Un rapport d’Alarm Phone met en lumière la persistance des traversées depuis les côtes libyennes vers l’Europe, en dépit d’un environnement de plus en plus violent et d’un dispositif de contrôle renforcé en Méditerranée centrale.
Des embarcations de migrants continuent de quitter la Libye en direction de l’Europe malgré les risques élevés encourus, a alerté Alarm Phone, une ligne d’assistance téléphonique dédiée aux navires en détresse en Méditerranée.
Dans un rapport analytique couvrant la période du 1er juillet au 31 décembre 2025, l’organisation indique avoir reçu 428 appels de détresse provenant de bateaux évoluant en Méditerranée centrale au cours du second semestre. Ce chiffre marque une hausse notable par rapport aux 334 appels recensés durant les six premiers mois de l’année, portant le total annuel à 762 embarcations signalées.
Selon Alarm Phone, cette augmentation intervient dans un contexte paradoxal : alors que les dangers liés à la traversée ne cessent de s’aggraver, les tentatives de départ se maintiennent, voire s’intensifient. Le rapport fait état d’attaques visant des embarcations de migrants, mais aussi, dans certains cas, des navires de sauvetage civils, attribuées aux forces libyennes et à des groupes armés opérant dans la région.
L’organisation évoque également des pratiques de refoulement en mer, notamment dans la zone de recherche et de sauvetage relevant de Malte. Ces cas auraient été documentés par d’autres structures de veille, dont les Archives des migrations de Malte, alimentant les critiques sur la conformité des opérations en Méditerranée avec le droit maritime international et les principes de protection des personnes en détresse.

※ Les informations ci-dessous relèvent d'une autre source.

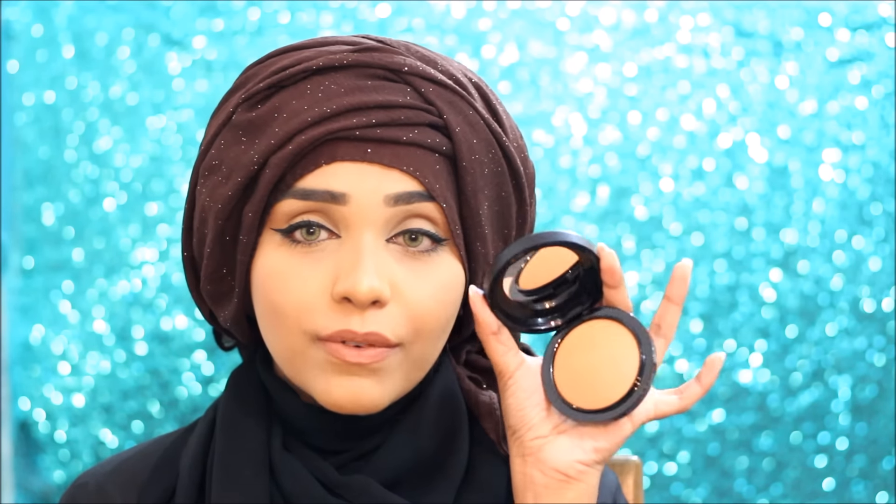Then I got the MAC bronzer in the shade Give Me Sun — Desi Perkins made me buy this one. I'm not really into MAC lipsticks; I only have one and it was a gift. I'm more into liquid lipsticks. But bronzer is an essential part of my makeup routine, and I was dying to get this one. Those are all three of my MAC products.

Alarm Phone souligne que la grande majorité des embarcations ayant contacté la ligne d’assistance provenaient des côtes libyennes, confirmant le rôle central du pays comme principal point de départ des routes migratoires irrégulières vers l’Europe. Cette réalité met en évidence l’échec relatif des politiques de dissuasion et de contrôle, qui n’ont pas empêché les départs mais ont contribué à déplacer les risques vers des zones toujours plus dangereuses.
Pour l’organisation, la persistance de ces traversées illustre l’absence d’alternatives sûres et légales pour les migrants et réfugiés, ainsi que la profondeur des crises politiques, économiques et sécuritaires qui continuent de pousser des milliers de personnes à tenter la traversée, au prix de leur vie.